WASHINGTON-Assistant Secretary for U.S. Immigration and Customs Enforcement (ICE) John Morton today announced standardized Memorandums of Agreement (MOAs) with 67 state and local law enforcement agencies to participate in 287(g) partnerships-improving public safety by prioritizing criminal aliens who are a threat to local communities, ensuring consistent and uniform policies and providing a force multiplier for ICE's immigration enforcement efforts across the country.
"Coordinating with our state and local partners is important to smart and effective enforcement of our immigration laws," said Department of Homeland Security Secretary Janet Napolitano. "These new agreements promote public safety by prioritizing the identification and removal of dangerous criminal aliens and ensure consistency and stronger federal oversight of state and local immigration law enforcement efforts across the nation. The rules set forth in these agreements will enhance our efforts to work together effectively with our local partners."
"These new partnerships are an essential tool for law enforcement to identify and remove dangerous criminal aliens from local communities," said Assistant Secretary Morton. "Standardizing these agreements allows us to better use the resources and capabilities of our law enforcement partners, facilitates accountability and ensures that all participating jurisdictions are following uniform standards throughout the country."
The state and local law enforcement partnerships announced today conform to the standardized 287(g) MOA announced by Secretary Janet Napolitano and Assistant Secretary Morton in July-strengthening ICE's overall immigration enforcement strategy by aligning local operations with ICE's major priorities, specifically the identification and removal of criminal aliens.
The 287(g) program acts as a force multiplier, training officers from local jurisdictions to carry out smart, effective immigration enforcement efforts aligned with ICE priorities.

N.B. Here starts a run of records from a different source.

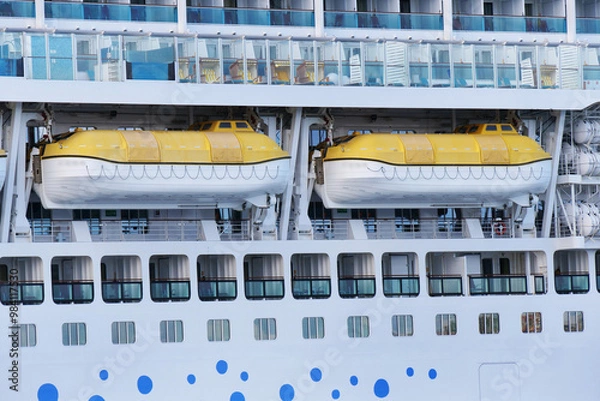 Fototapeta Fotoeindruecke zum Thema Kreuzfahrt auf einem Kreuzfahrtschiff mit lebendigem Bordleben.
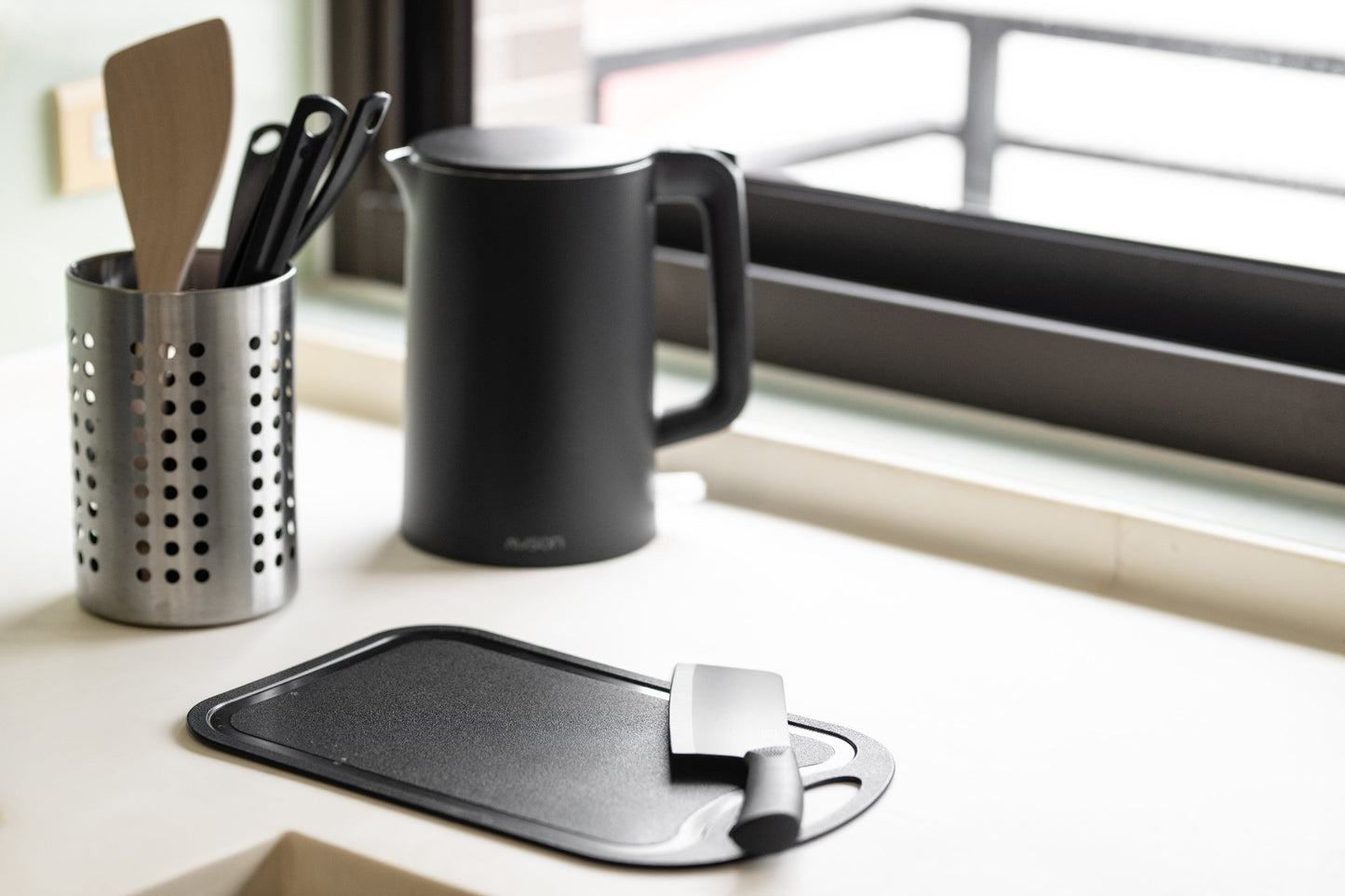 Xinyi 2-Bedroom Flat with Elevator (YJ12)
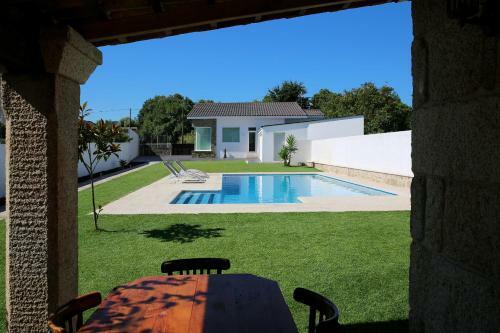 Casa Rural Con Piscina Vi�a de Millan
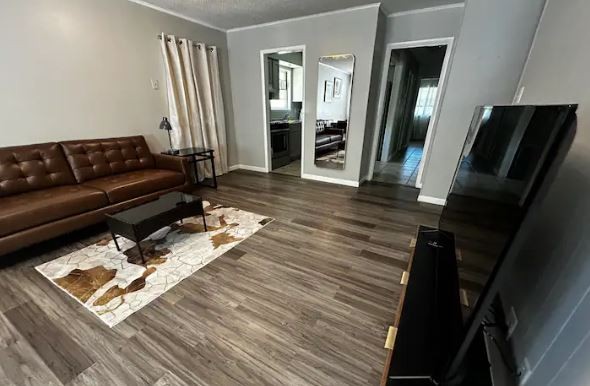135 Hickory Dr - Photo 2 of 9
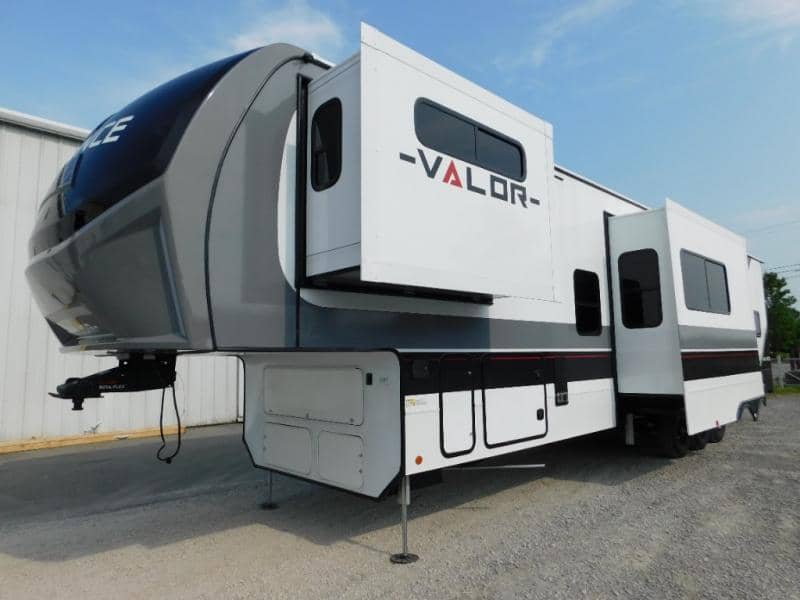 2025 Alliance RV 2025 Alliance RV Valor - thumbnail 5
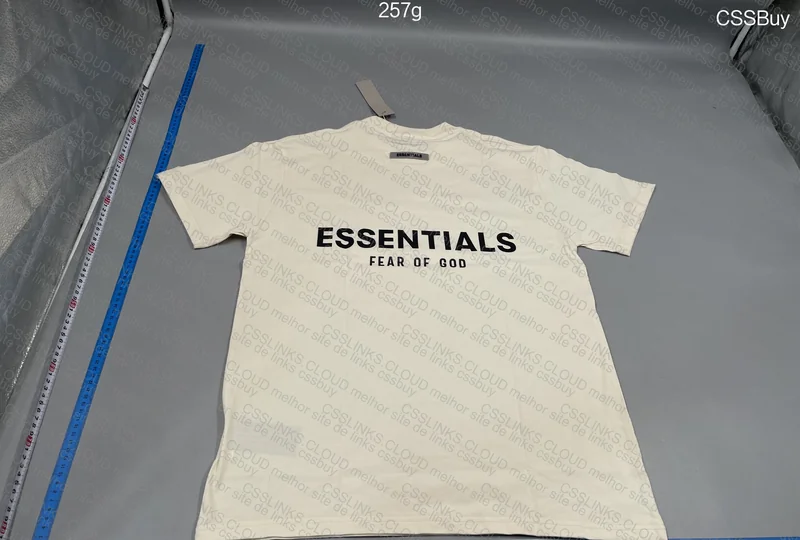 ESSENTIAL Shirt 3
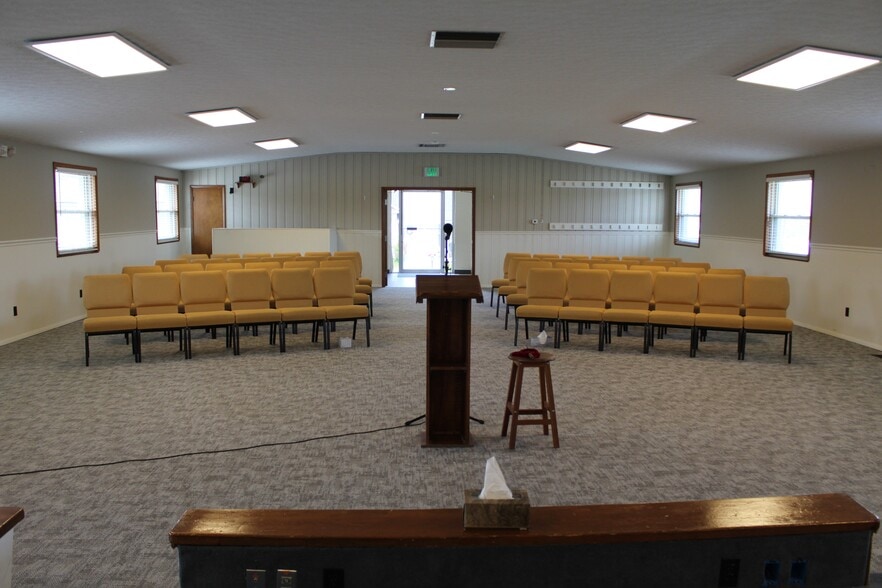 More Photos Of 1409 W Kirkwood Ave, Bloomington General Retail For Lease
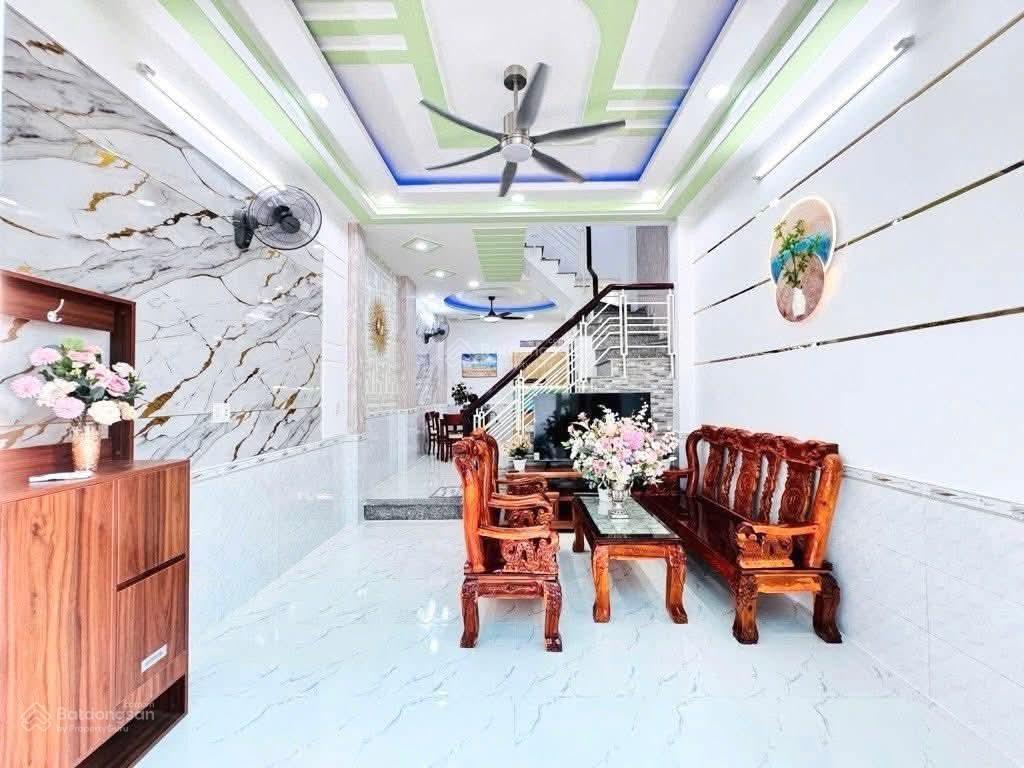Tôi cần bán nhà huyền quang, tân định, q1, gần chợ tân định, dt 70,4m2, cho thuê 40tr/th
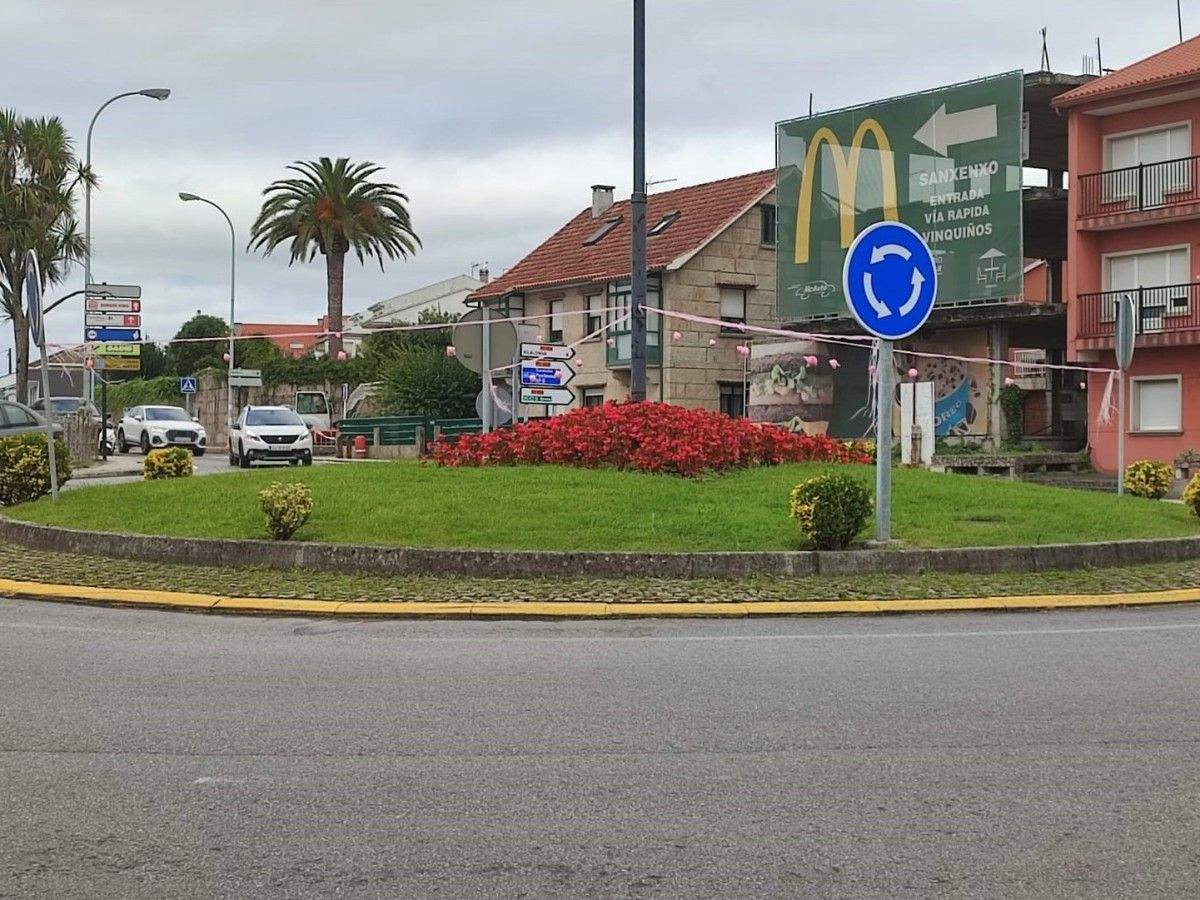 Rotonda decorada con motivo do Día Mundial contra o Cancro de Mama
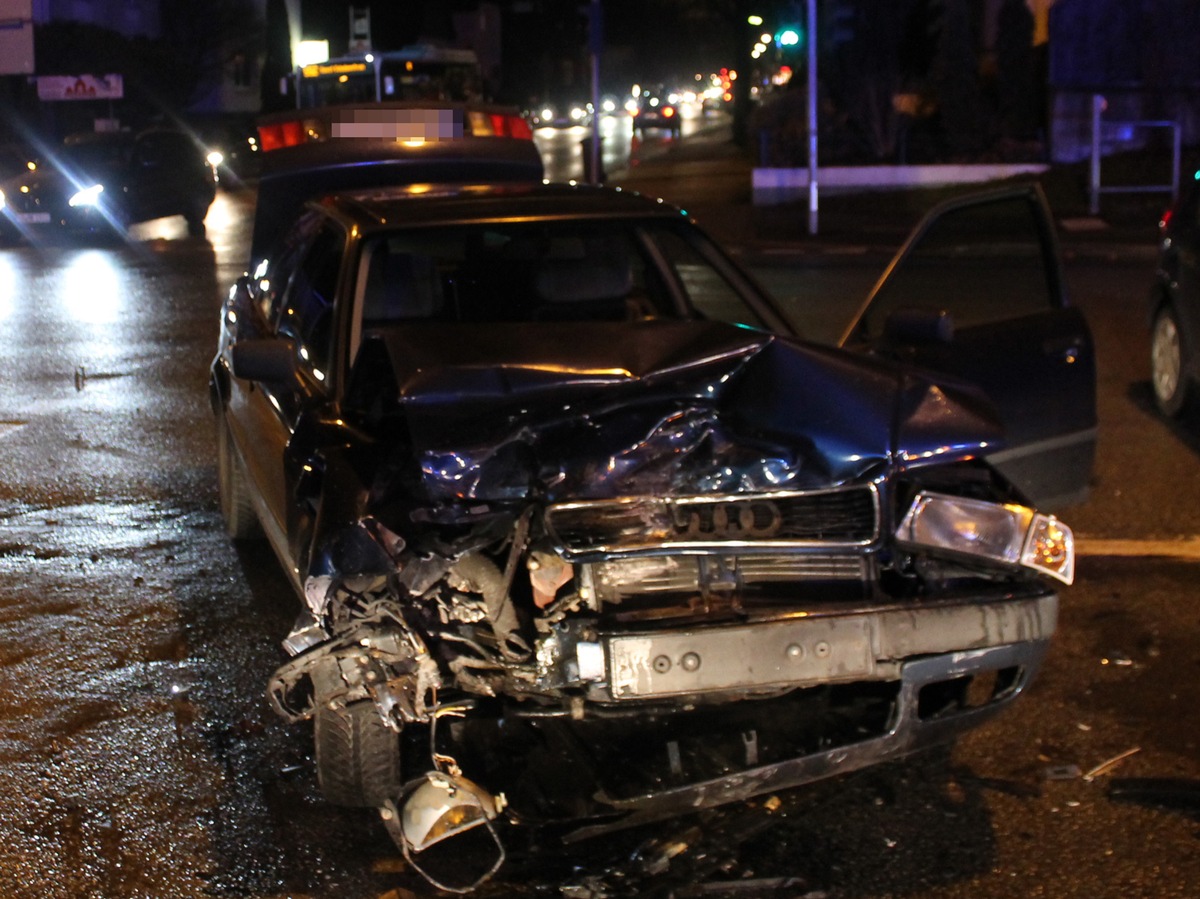 POL-SO: Soest - Zwei Schwerverletzte bei Verkehrsunfall auf dem Lübecker Ring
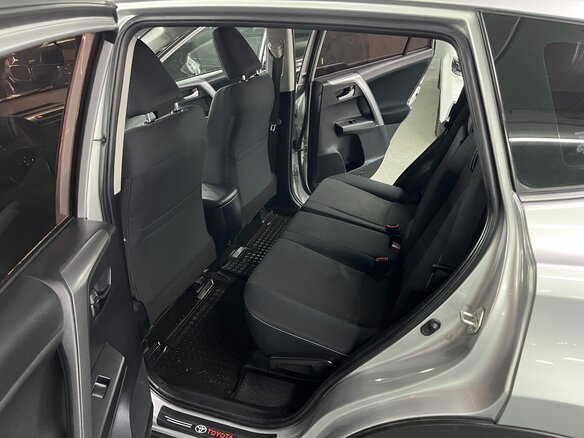 2018 Toyota RAV4 IV (XA40) Рестайлинг, серебристый, 2099000 рублей - вид 17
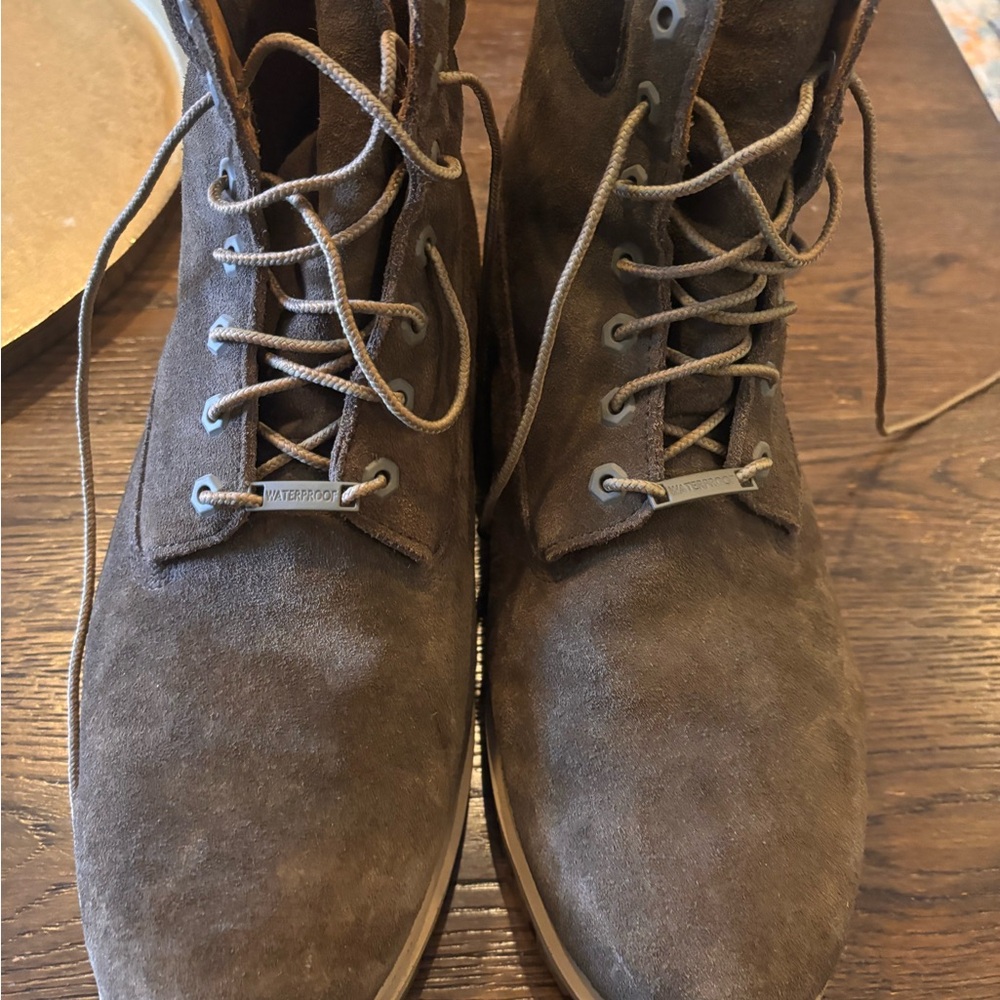 Men's Timberland olive green  Suede Boots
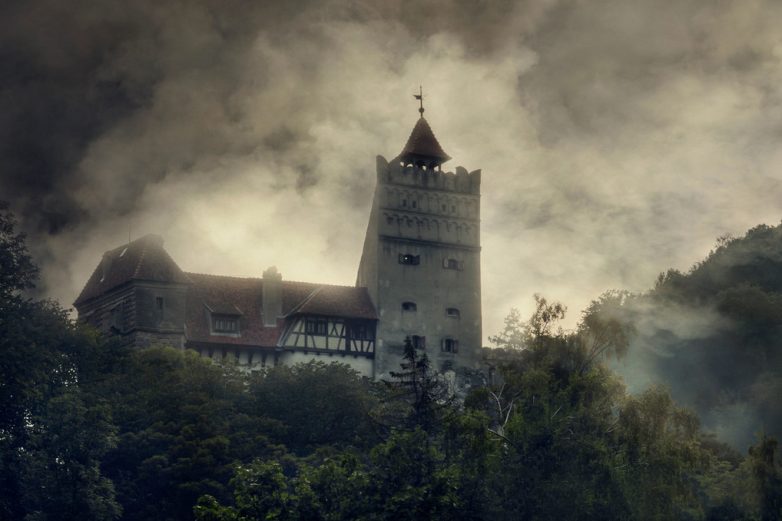 Символ Трансильвании - замок Дракулы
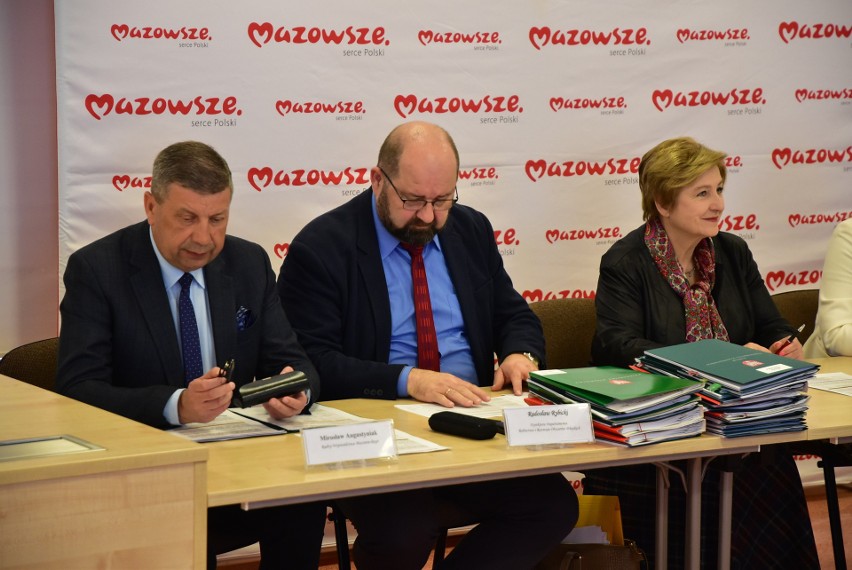 Wsparcie samorządu Mazowsza dla Ostrołęki, powiatu i gmin. Umowy z beneficjentami podpisane w Ostrołęce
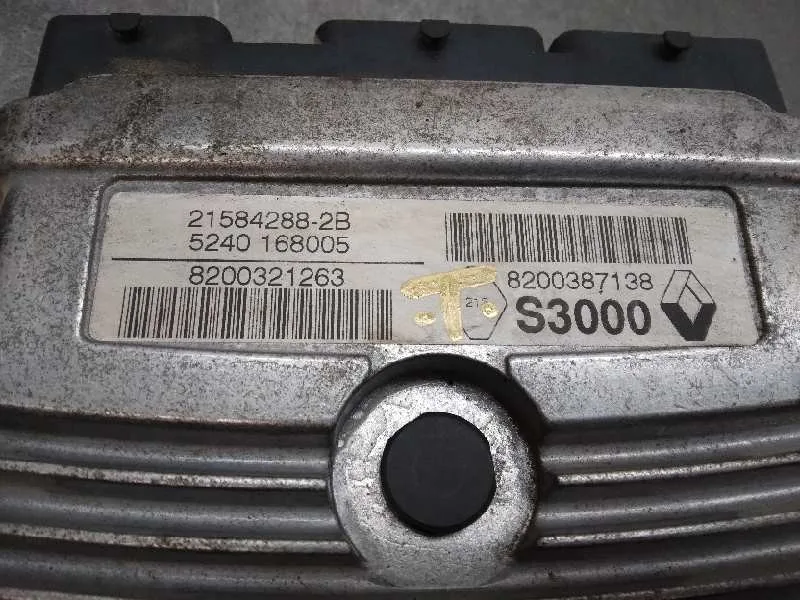 Centralita Motor Uce para Renault Scenic Ii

Throughout the country, 1,075 local officers have been trained through 287(g)-bolstering national immigration enforcement efforts and saving hundreds of millions of dollars.
From January 2009 to date, 287(g)-trained local officers are credited with the removal of approximately 24,000 aliens nationwide and have identified 48 percent more criminal aliens than during the same period in 2008.
The new partnerships include the Jail Model, in which local law enforcement agencies designate Jail Enforcement Officers to identify aliens already incarcerated within their detention facilities who are eligible for removal, as well as the Federal Task Force Model, in which agencies designate officers to work with Federal agents in locating, processing and removing criminal aliens from the United States.
- 55 agreements have been signed by ICE and the partnering agency;
- 12 agreements have been reached and await approval by the local jurisdiction's supervisory authority; and
- Six agreements have negotiations underway.
- Six jurisdictions did not re-sign the new 287(g) agreement or withdrew during negotiations for a variety of reasons, including implementation of the Secure Communities program, budgetary constraints and limited program utilization.
The new MOA clearly defines the objectives of the 287(g) program, outlines the immigration enforcement authorities granted by the agreement and provides guidelines for ICE's supervision of local agency officer operations-including information reporting and tracking, complaint procedures, and implementation measures.
To address concerns that individuals may be arrested for minor offenses as a guise to initiate removal proceedings, the new agreement requires participating local law enforcement agencies to pursue all criminal charges that originally caused the offender to be taken into custody.
The Illegal Immigration Reform and Immigrant Responsibility Act (IIRAIRA) of 1996 added Section 287(g) to the Immigration and Nationality Act, which authorizes the DHS Secretary to enter into agreements with state and local law enforcement agencies to perform immigration officer functions. Pursuant to these agreements, designated officers who receive appropriate training and function under the supervision of sworn ICE officers are permitted to perform immigration law enforcement duties.